### DATA SECTION
>>>>>

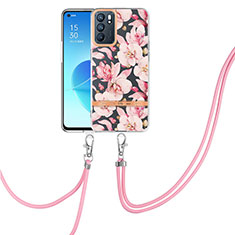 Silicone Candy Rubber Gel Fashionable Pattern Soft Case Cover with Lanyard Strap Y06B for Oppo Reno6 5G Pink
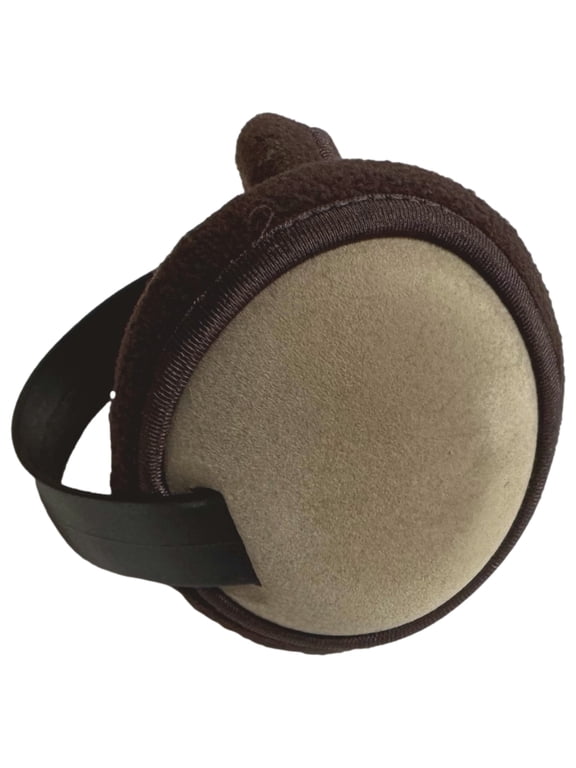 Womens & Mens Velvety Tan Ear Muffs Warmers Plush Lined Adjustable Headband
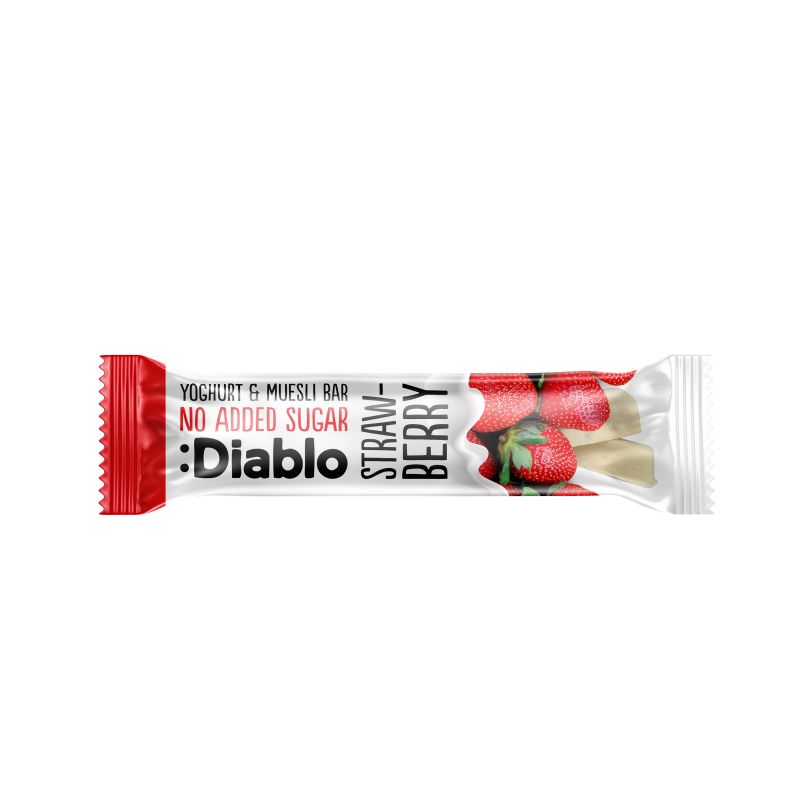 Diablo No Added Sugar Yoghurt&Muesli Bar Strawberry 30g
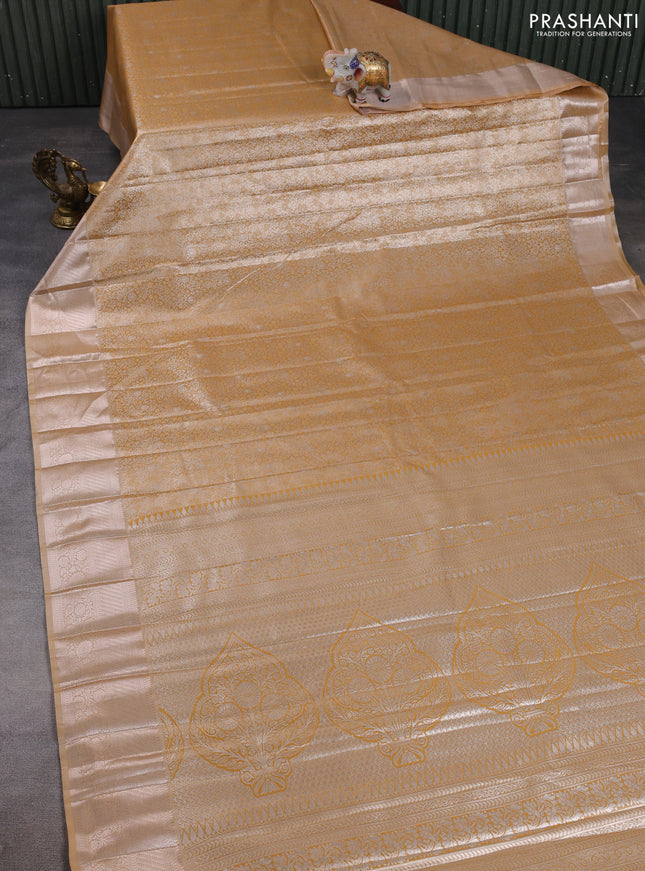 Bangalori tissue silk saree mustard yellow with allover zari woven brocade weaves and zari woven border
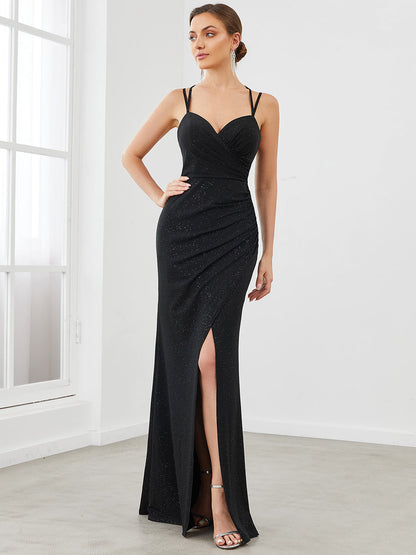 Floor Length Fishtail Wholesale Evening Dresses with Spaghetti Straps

<<<<<
>>>>>

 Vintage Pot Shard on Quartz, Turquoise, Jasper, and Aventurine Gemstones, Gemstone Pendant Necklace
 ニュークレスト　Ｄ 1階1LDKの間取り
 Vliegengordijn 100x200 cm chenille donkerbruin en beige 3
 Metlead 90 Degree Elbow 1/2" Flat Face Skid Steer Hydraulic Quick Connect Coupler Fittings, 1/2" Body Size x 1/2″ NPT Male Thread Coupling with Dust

<<<<<
>>>>>

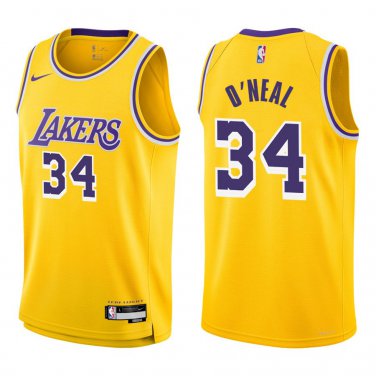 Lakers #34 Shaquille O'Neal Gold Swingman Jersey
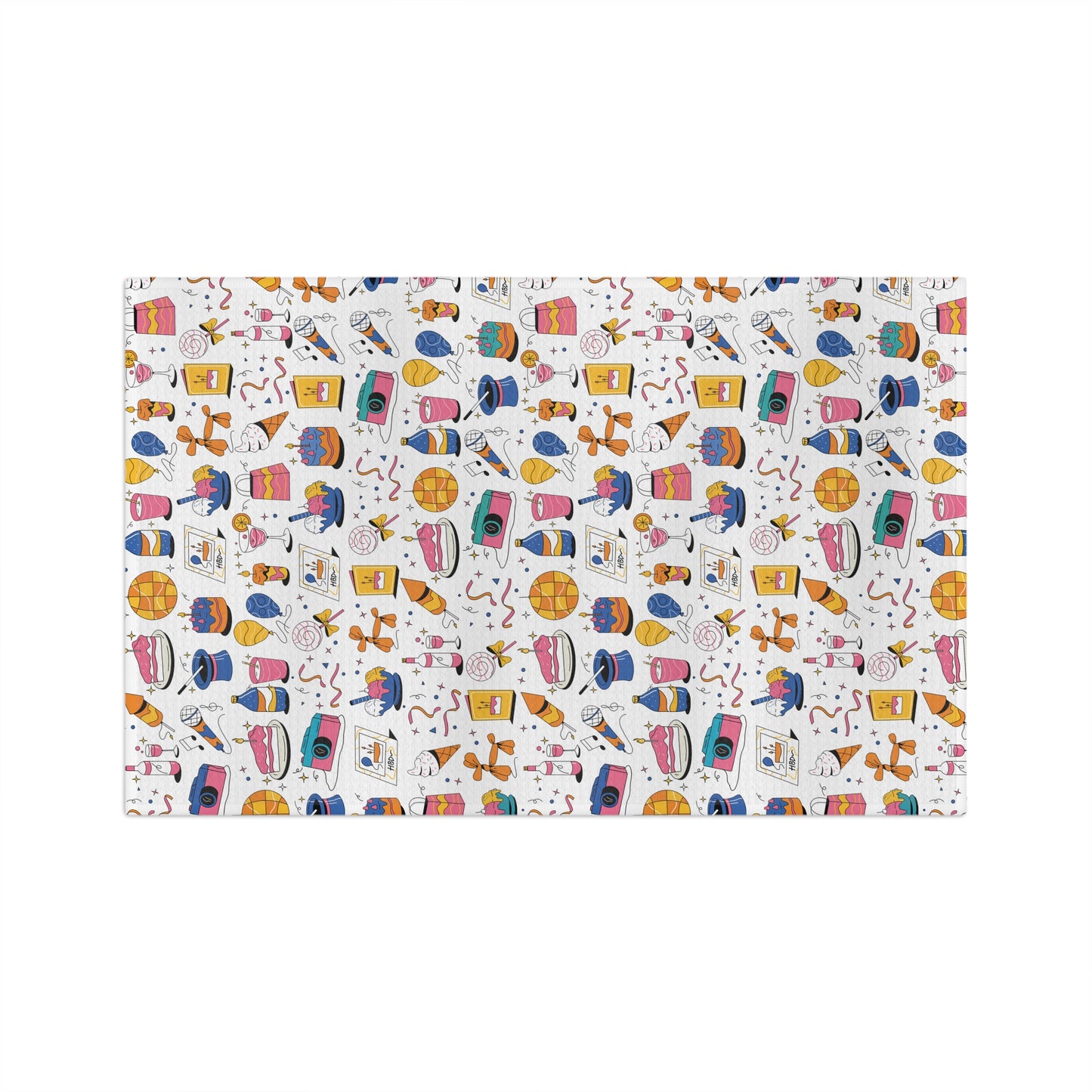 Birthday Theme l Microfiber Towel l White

<<<<<

### YOUR ASSIGNMENT
Though the entries above contain pictures, none should be copied; reproduce only the lines between the one holding "Silicone Candy Rubber" and the one holding "Floor Length Fishtail", inclusive, exactly as written.

### SOLUTION TO THE PROBLEM
 Silicone Candy Rubber Gel Fashionable Pattern Soft Case Cover with Lanyard Strap Y06B for Oppo Reno6 5G Pink
 Womens & Mens Velvety Tan Ear Muffs Warmers Plush Lined Adjustable Headband
 Diablo No Added Sugar Yoghurt&Muesli Bar Strawberry 30g
 Bangalori tissue silk saree mustard yellow with allover zari woven brocade weaves and zari woven border
 Floor Length Fishtail Wholesale Evening Dresses with Spaghetti Straps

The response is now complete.